Por: Késsia Carolaine

“Você sonha em uma língua que eu não consigo entender. É como se estivesse esse mundo dentro de você onde eu não consigo ir.”

Em “Vidas passadas”, iremos acompanhar a história de Nora e Hae Sung. Ambos foram melhores amigos de infância que, aos poucos, foram se transformando em um amor puro e sincero de duas crianças. Quando os pais de Nora decidem se mudar para Nova York para conseguirem mais prestígio profissional, ela e Hae Sung perdem o contato. Anos depois, em um acaso, os dois se reencontram e os sentimentos e questões do passado voltam a atormentá-los.

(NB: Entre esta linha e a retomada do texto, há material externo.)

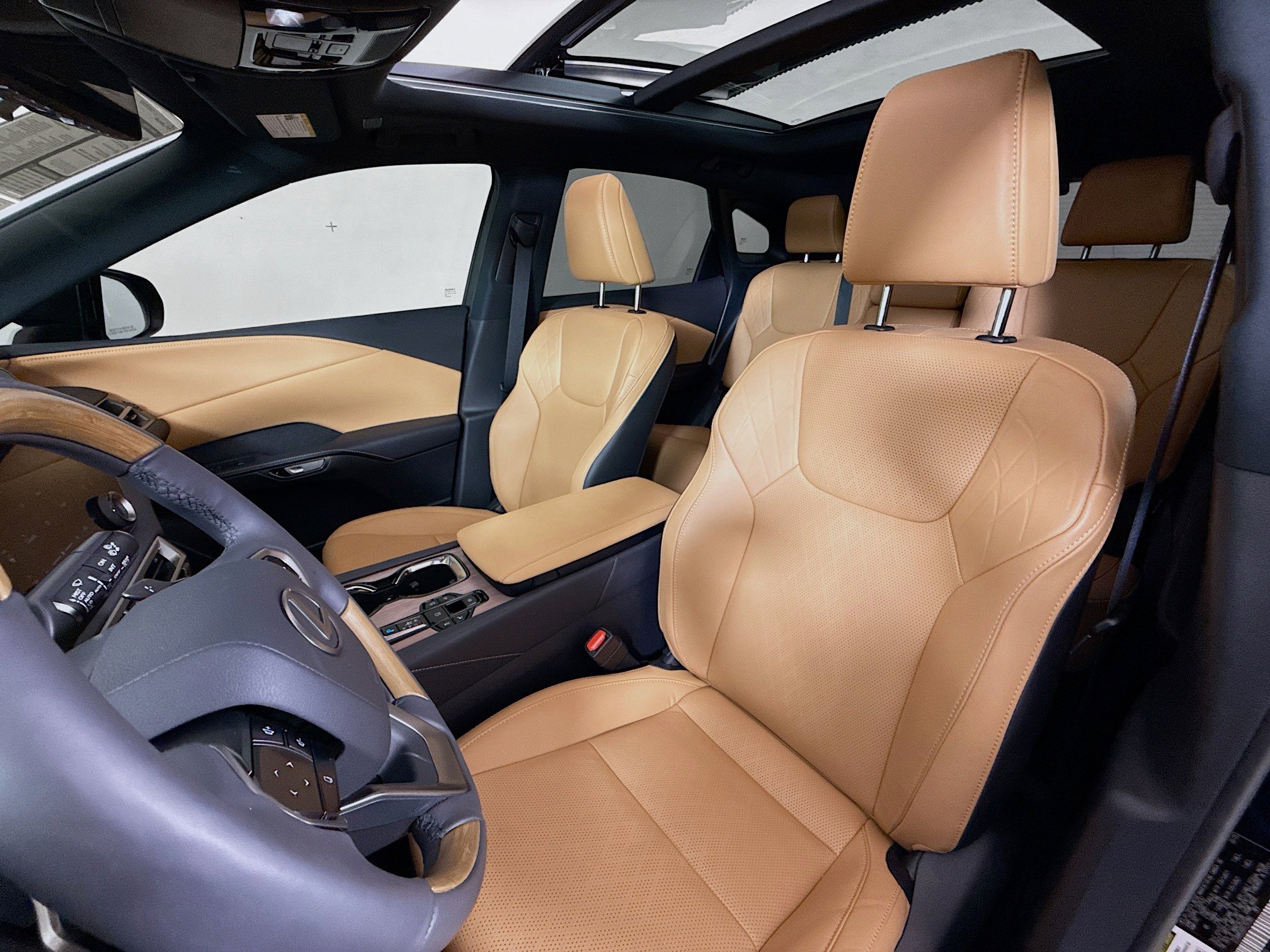 Used 2025 Lexus RX 350 Premium Plus w/ Convenience Package image 11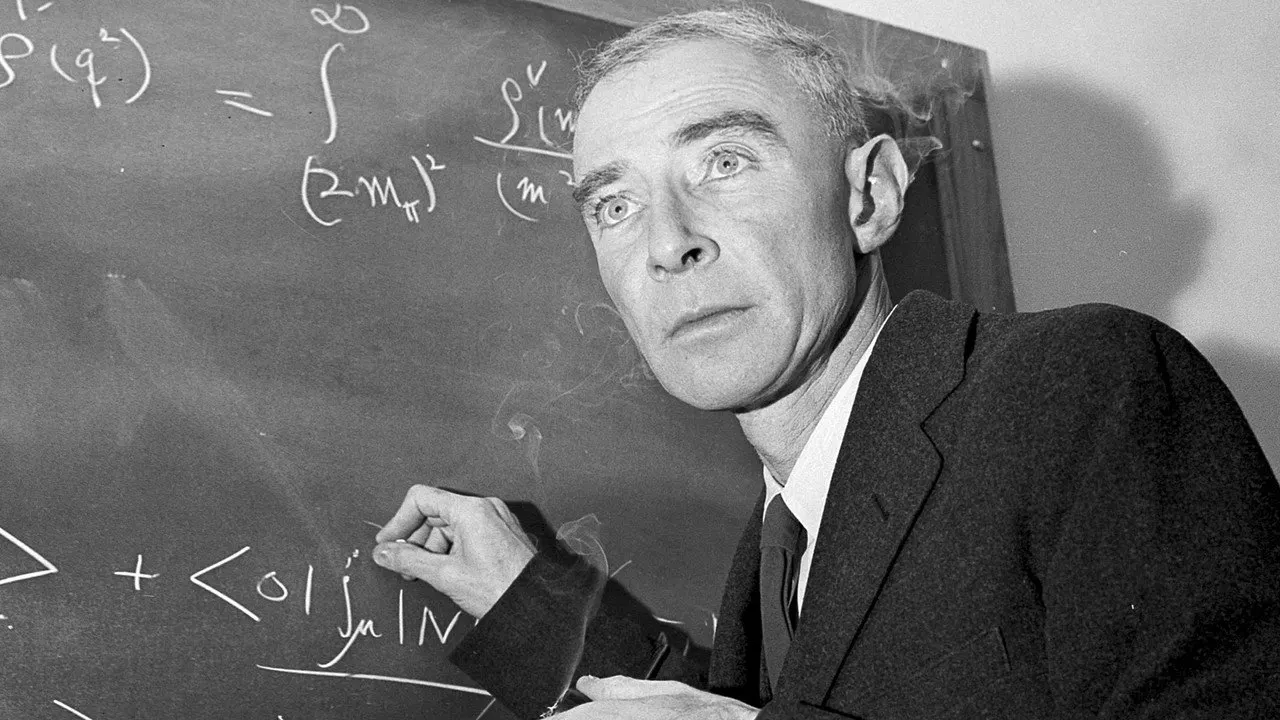 Play To End All War: Oppenheimer & the Atomic Bomb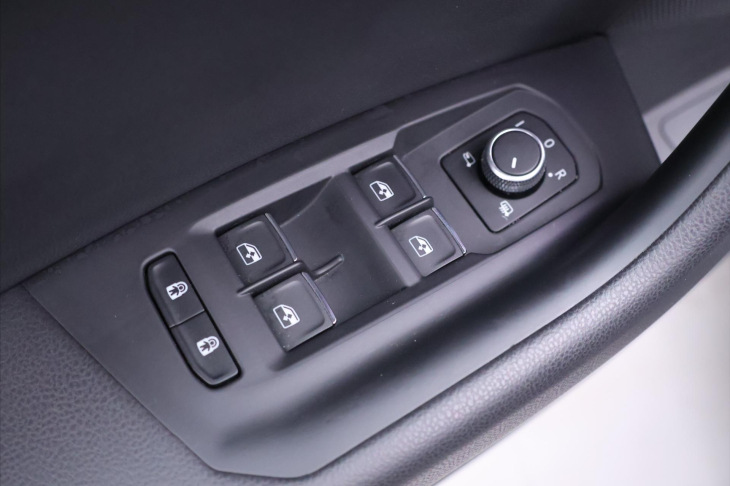 Volkswagen Touareg 3,0 TDI 210kW 4M R-Line DPH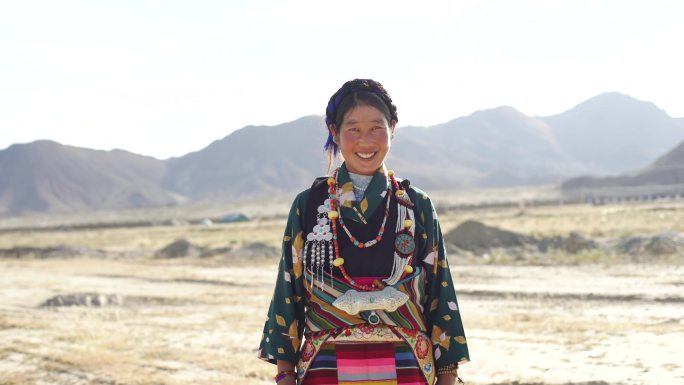 藏族藏区高原雪域妇女儿童快乐笑脸幸福藏民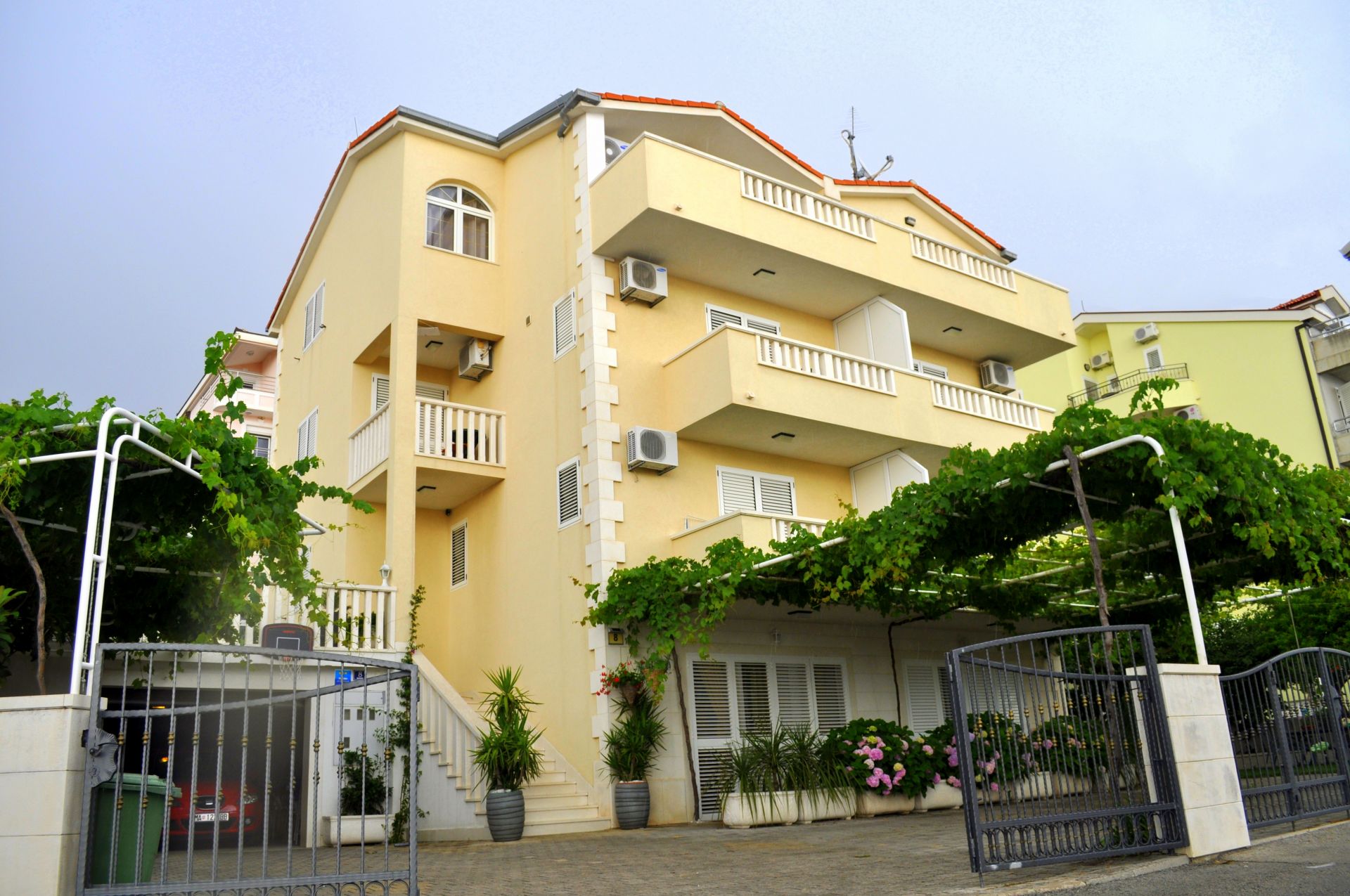 Apartments Ivi - big parking and courtyard SA2(3), SA3(2+2), SA4(2+2), SA5(2+2), SA6(2+2) Makarska - Riviera Makarska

O longa começa com três pessoas em um bar e uma pergunta que está sendo feita por um indivíduo que não conseguimos ver. A pergunta que se sucede nesta cena é: “quem você acha que é namorado dela?” É neste momento que o filme volta anos atrás para de fato estabelecer uma história linear. Talvez a beleza deste filme seja a ternura que é expressada, tanto pelos personagens quanto pela cinematografia e direção. Cada frame remete ao sentimento de uma abraço quentinho e tranquilidade.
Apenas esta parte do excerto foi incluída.